Now that I’m older and have been blessed to have my faith deepened, I am more mindful of how the impact of being active in the life of my local church has supported me throughout each week. It’s like going through school: day in and day out is a routine, but after finishing, you’re able to look back and see the changes that have affected the rest of your life. At this point in my life, however, I am rarely back in my home diocese. I remain connected to life there through diocesan livestreams and social media. With the embrace of such technology, how easy and effective it has become to share news and coverage of the rich variety of events within the Church!

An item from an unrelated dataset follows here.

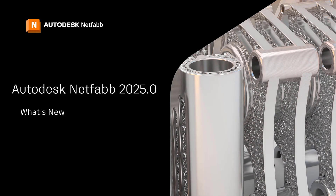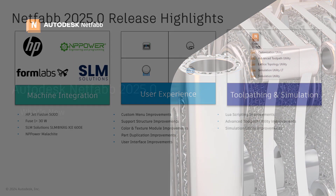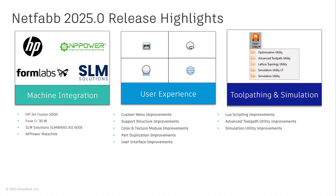Welcome to What's New in Autodesk NetFab 2025. In this release, we focused our efforts on three key areas: machine integration, user experience, and key utility improvements such as tool pathing and simulation.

The ability to electronically minister to and participate in the life of the local church can also be employed to the service of the diocese’s well-being. Recently, I came across the launch video for my diocese’s new “Faith to Move Mountains” endowment campaign. In it, the bishop explained the current state of the local Church and the need to jumpstart a new and rather audacious level of diocesan-wide financial support in order to continue to provide the same or better quality of services to the community: “This is our Church,” he said, looking directly through the camera at me, “This is our home. We are bracing ourselves— getting ourselves ready— for the future.” It was then that I realized how much the diocese depended on each of its parishes, which then depend on the support of their respective congregations (i.e. me) for the fulfillment of its ministries in order to continuously bring about the world’s fruitful encounter with the Risen Lord. For all the good each of our local churches do for us, how can we repay in kind? Certainly by paying attention during Mass and attending the various catechetical, service, or social events advertised in the parish, but these are not givens to be taken for granted and they often incur a cost on the parish. As my bishop observed:
Catholic priests are there for the whole week. They’re there after the sermon is over after the Word is preached. Not just on Sunday mornings. They’re in our schools. They are at our hospital beds all hours of the day and night. They’re listening to our sins in the confessional. They’re counseling people… You won’t believe sometimes what people bring to the priest with the expectation that it’s going to be better when they walk out the door… Preaching the Gospel doesn’t cost a dime. Everything else, however, everything that our parishes need and try to do for you, our parishioners, carries a price.
The life of the Church is so very dependent on the full and active participation of its members. Not only when times are good, but especially when times are tough. Rather than running to the parking lot immediately after Mass, taking the time to personally befriend the priests and staff of the parish, continuing to participate in the charitable works of the church, supporting the businesses that sponsor ads in the weekly bulletin, and inviting others to join in doing so are some effective alternatives to simply cutting a check. Supporting each other through acts of service, stewardship and participate in parish events is at the heart of Christian goodwill. As each of us depends on the Church to guide us into Heaven, so does she look upon us to help her in her most noble evangelical enterprise of preaching the Gospel and serving the poor. I invite you to make your parish more than simply a destination. Do your part to help build a thriving parish community so that, together, you may all say, “this is our home!”